[Records from a collection]
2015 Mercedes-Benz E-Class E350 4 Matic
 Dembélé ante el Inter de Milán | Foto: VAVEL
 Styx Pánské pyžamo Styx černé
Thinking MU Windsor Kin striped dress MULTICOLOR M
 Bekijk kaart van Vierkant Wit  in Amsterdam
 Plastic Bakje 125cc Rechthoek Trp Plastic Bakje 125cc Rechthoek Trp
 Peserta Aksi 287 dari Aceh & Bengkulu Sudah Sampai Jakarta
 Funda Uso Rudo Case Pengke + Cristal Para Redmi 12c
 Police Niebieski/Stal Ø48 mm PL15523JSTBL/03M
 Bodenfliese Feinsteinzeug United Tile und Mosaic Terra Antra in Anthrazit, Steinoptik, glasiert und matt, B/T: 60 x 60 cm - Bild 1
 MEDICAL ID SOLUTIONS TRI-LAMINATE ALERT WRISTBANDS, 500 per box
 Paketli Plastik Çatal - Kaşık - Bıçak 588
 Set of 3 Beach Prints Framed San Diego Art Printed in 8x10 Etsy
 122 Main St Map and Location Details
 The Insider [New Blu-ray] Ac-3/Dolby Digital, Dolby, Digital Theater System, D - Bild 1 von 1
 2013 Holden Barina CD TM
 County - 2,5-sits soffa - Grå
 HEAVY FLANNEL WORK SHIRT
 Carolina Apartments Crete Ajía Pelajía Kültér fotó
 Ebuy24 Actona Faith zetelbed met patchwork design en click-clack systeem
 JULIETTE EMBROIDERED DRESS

* [EXERCISE GOAL]: Start at the line containing "County - 2,5-sits soffa - Grå" and transcribe through the end of the entries. Please keep both ends and add nothing.

* [TASK RESPONSE]:
 County - 2,5-sits soffa - Grå
 HEAVY FLANNEL WORK SHIRT
 Carolina Apartments Crete Ajía Pelajía Kültér fotó
 Ebuy24 Actona Faith zetelbed met patchwork design en click-clack systeem
 JULIETTE EMBROIDERED DRESS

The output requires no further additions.